Indian scholar Mushirul Hasan wrote, Will secular India survive? (2004) and challenged the doctrine of Hindutva spread around by the BJP. After 2004, Hindutva has not gone away. It threatens the Muslims more than the other communities because: 1) Muslims are the largest religious minority in India and the latter has the second largest Muslim population in the world; 2) Muslims are erstwhile rulers of India and the memory presents them as a threat to the Hindu majority; 3) Muslims are considered as members of a settler colony by Sangh Pariwar; 4) Muslims get excluded because of majoritarian nationalism with Pakistan as the ‘other’, and because Indian Muslims are seen as a separatist population; 5) Muslims are targets of all communal riots; 6) Muslims serve as instruments of Hindu unity under Hindutva because India is presented as being under threat from Pakistan, Bangladesh and Kashmir; 7) Muslims spoil the Indian monolithic identity as a Hindu Rashtra and are an obstacle in India’s unification.

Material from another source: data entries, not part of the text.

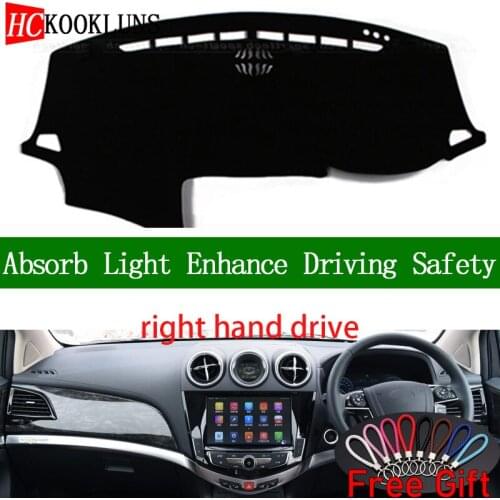 For BYD S7 2011 2012 2013 2014 2015-2017 Right Hand Drive Car Dashboard Cover Dash Mat Dash Board Pad Carpet Dashmat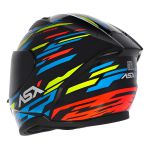 Capacete Asx City Arrow - Preto/Azul/Amarelo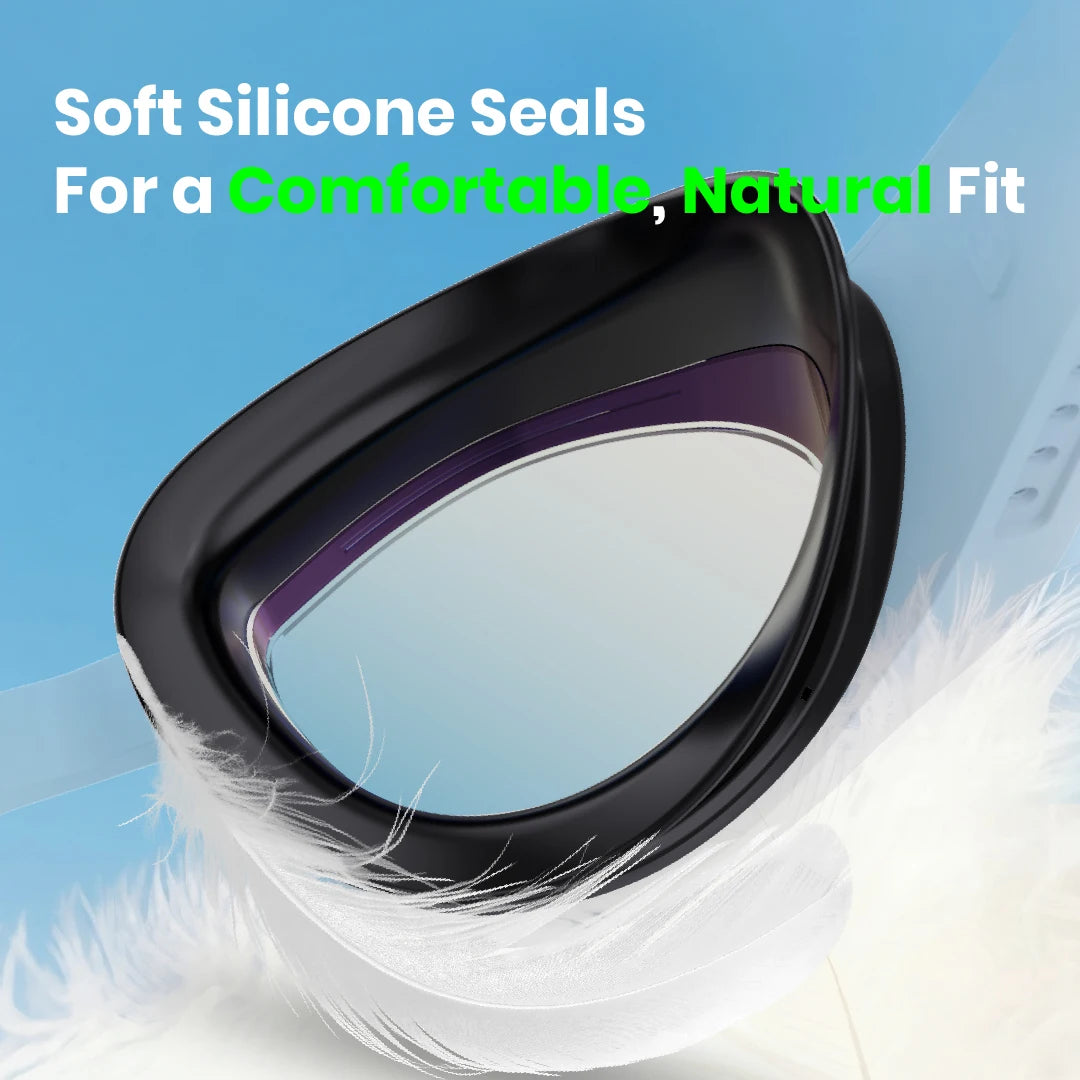 Smart Swimming Goggles with AI Audio Anti-Fog Waterproof Fitness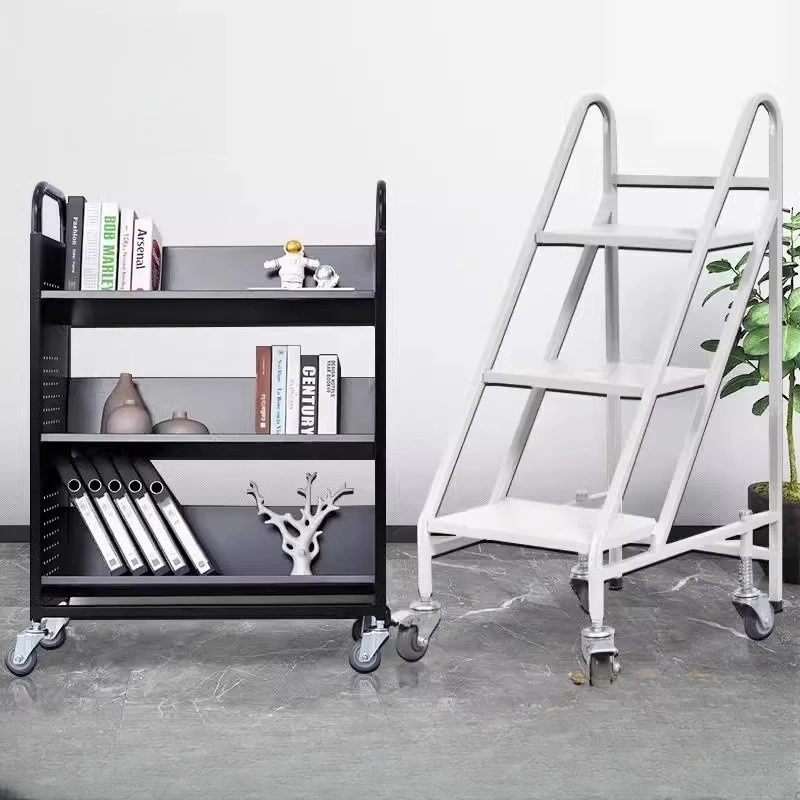 Библиотечная книжная тележка 2-я напольная 3-я напольная V-образная плоская книжная тележка Архив Мобильная бесшумная трехступенчатая книжная тележка с лестницей
Библиотечная книжная тележка 2-я напольная 3-я напольная V-образная плоская книжная тележка Архив Мобильная бесшумная трехступенчатая книжная тележка с лестницей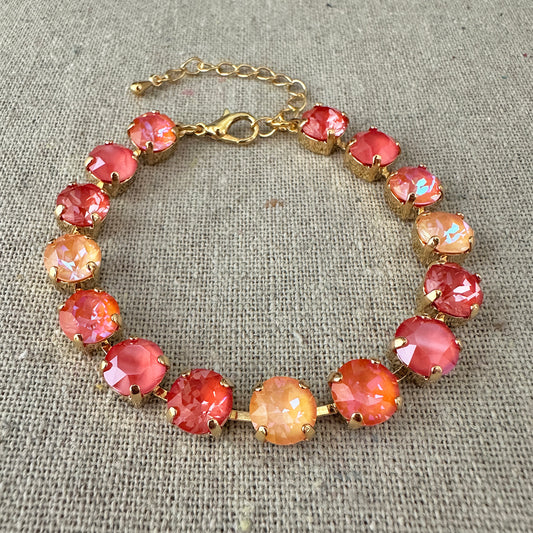 Diamante Classic Tennis Bracelet • Sunset Glow Ombre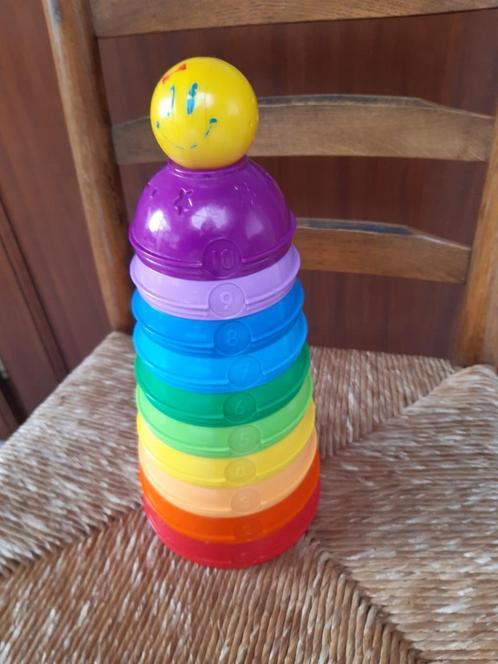 Ficher-Price Stack & Roll Cups, Kinderen en Baby's, Speelgoed | Fisher-Price, Zo goed als nieuw, Ophalen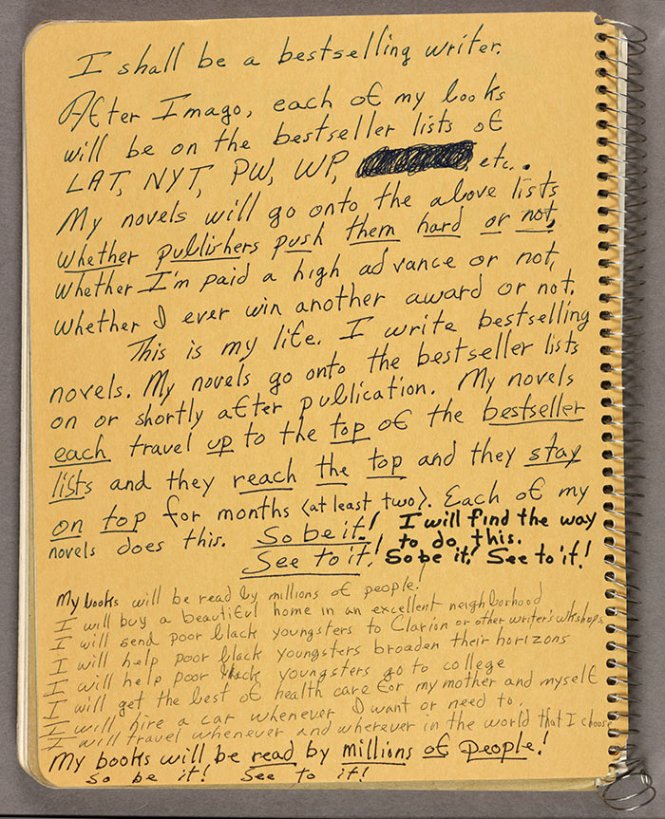 Octavia Butler's Journal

What will happen to the Muslims of India? Muslim threat is expressed by the fact that their population, although only 13 per cent of the total, has grown to this number in fifty years, more quickly as compared to the Hindus. Is this fear comparable to the Christian fear of ethnic supersession by Muslims through birth rate, aroused in Lebanon after 1943, ending in the civil war of 1975-88? There is a Muslim majority in Kashmir and large Muslim minorities in West Bengal and Assam near the border of an adjoining Muslim state that equally arouses fear and loathing.
Southern and coastal India don’t hate the Muslims as much as the Indian north and northwest, but may begin to have communal riots as the BJP and its friends spread their influence there. It is possible that the Muslims may actually be squeezed into the coastal areas in the South to join the non-threatening ‘middlemen Muslims’: Memons, Khojas, Bohras, Navayats, Marakayyars, Lebais, Rawthors and Mapillas. They pose no threat to the majority dominance.
Muslims in Hyderabad, Bhopal and Junagadh are humorously equated to past elite but they are, in fact, local poor Hindu converts who can never challenge Hindus unless they step out of poverty and acquire education.
But the final solution lies in Indo-Pakistan relations. Conceptual solutions don’t appeal in South Asia because the social sciences have been neglected here. Indirect solutions, like free trade that brings prosperity to the masses, and getting rid of the paranoia of the state – read dominance of intelligence agencies – could normalise relations and remove the fear of war and save the Muslims of India from being persecuted.